The Norman Transcript

Nation/World

October 10, 2013

Republicans weigh short-term debt limit hike

WASHINGTON — House Republican leaders are considering a short-term increase in the U.S. debt limit as a possible way to break the gridlock that threatens the nation with an unprecedented default in as little as a week, officials said Wednesday night.

These officials said there is far less urgency inside the leadership about ending the current nine-day partial government shutdown, which has caused inconvenience and financial concern for many individual Americans but appears not to threaten the widespread economic damage a default might bring.

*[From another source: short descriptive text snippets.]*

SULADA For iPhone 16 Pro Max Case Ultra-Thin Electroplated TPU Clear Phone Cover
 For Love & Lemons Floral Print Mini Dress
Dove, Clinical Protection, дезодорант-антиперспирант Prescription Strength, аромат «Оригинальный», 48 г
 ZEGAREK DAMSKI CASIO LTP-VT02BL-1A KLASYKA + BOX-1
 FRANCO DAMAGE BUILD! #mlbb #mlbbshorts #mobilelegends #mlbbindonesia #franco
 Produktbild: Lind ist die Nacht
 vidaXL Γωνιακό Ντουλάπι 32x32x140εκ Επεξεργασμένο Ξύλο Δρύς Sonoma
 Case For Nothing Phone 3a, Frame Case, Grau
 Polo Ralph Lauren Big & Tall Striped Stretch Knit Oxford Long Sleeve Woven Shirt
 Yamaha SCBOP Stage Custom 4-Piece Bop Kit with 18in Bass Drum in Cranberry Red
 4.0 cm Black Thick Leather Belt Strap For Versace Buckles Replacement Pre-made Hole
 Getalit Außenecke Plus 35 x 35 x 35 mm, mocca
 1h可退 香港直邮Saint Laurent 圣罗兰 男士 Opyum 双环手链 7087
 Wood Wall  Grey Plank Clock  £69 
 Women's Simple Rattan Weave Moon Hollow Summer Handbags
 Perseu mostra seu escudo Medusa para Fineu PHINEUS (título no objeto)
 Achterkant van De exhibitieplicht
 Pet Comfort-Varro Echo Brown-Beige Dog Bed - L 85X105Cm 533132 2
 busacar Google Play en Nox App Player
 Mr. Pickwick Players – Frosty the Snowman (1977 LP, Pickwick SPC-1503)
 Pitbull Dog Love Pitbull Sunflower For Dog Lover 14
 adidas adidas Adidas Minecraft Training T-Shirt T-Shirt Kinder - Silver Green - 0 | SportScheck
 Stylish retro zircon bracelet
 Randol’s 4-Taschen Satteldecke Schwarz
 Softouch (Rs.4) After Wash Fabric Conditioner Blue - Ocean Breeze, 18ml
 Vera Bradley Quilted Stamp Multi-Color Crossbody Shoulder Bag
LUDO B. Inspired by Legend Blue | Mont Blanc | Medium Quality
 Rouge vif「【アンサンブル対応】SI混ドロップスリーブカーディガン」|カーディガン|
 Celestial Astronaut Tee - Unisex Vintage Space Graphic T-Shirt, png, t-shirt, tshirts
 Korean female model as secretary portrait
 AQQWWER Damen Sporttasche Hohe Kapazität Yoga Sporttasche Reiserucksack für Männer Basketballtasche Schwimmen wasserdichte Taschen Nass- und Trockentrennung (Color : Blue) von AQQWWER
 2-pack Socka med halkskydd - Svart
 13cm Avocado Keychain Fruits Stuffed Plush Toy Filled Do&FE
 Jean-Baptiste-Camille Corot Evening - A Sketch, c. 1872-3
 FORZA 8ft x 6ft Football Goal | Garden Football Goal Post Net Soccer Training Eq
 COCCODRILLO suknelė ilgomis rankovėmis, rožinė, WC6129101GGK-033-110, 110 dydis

The officials declined to say what conditions, if any, might be attached to legislation to raise the $16.7 trillion debt limit for an undetermined period, perhaps a few weeks or months. The GOP rank and file is expected to meet privately to discuss the issue today, before a delegation led by Speaker John Boehner goes to the White House to meet with President Barack Obama.

The officials describing the developments late Wednesday spoke only on condition of anonymity, saying they were not authorized to disclose details of private deliberations.

Obama has said he won’t agree to sign a debt limit increase if conditions are attached. Republicans indicated several days ago they intended to seek spending cuts to reduce deficits, measures to roll back environmental regulations and changes in the nation’s 3-year-old health care law.

More recently, the GOP-controlled House has passed legislation to create a 20-member group of lawmakers from the House and Senate to negotiate over those and other issues. The bill makes no mention of an increase in the debt limit, but the two topics could be combined in a potential face-saving way out of the impasse.

The disclosures came as Obama met at the White House in late afternoon for more than an hour with House Democrats. He told them that while he would prefer legislation extending the Treasury’s borrowing ability beyond the next election, he would also sign a shorter-term bill.